- _Aim of the task_: Of the entries below, restate word for word only the section that runs from the line with "Deluxe Suite, Private" to the line with "Thumbnail 1 in", counting both ends.

- _Supplied data_:

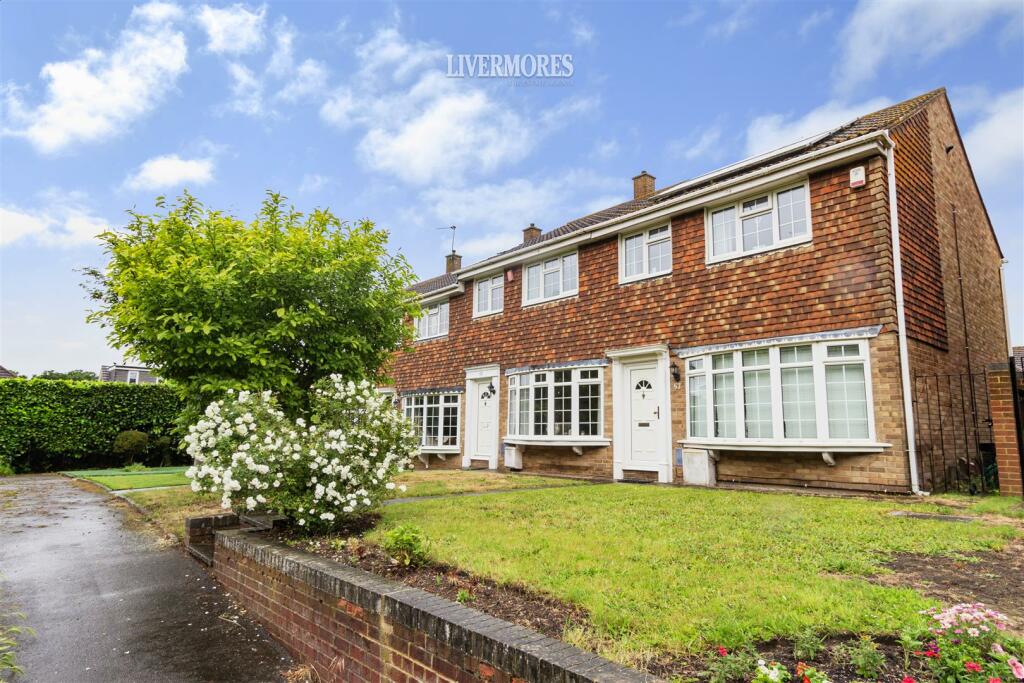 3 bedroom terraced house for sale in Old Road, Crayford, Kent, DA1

---

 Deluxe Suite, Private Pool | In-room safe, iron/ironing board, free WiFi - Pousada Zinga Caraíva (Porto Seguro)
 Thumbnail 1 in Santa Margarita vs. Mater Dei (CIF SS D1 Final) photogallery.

* * *

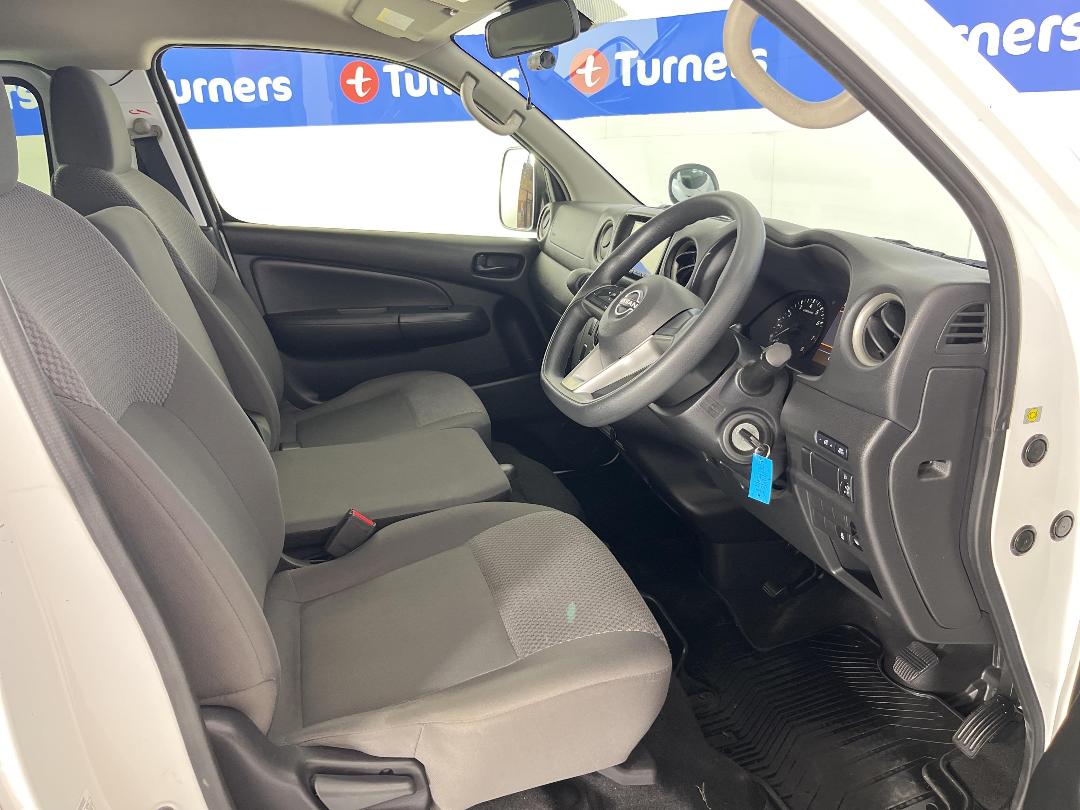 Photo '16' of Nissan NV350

- _Exercise result_:
 Deluxe Suite, Private Pool | In-room safe, iron/ironing board, free WiFi - Pousada Zinga Caraíva (Porto Seguro)
 Thumbnail 1 in Santa Margarita vs. Mater Dei (CIF SS D1 Final) photogallery.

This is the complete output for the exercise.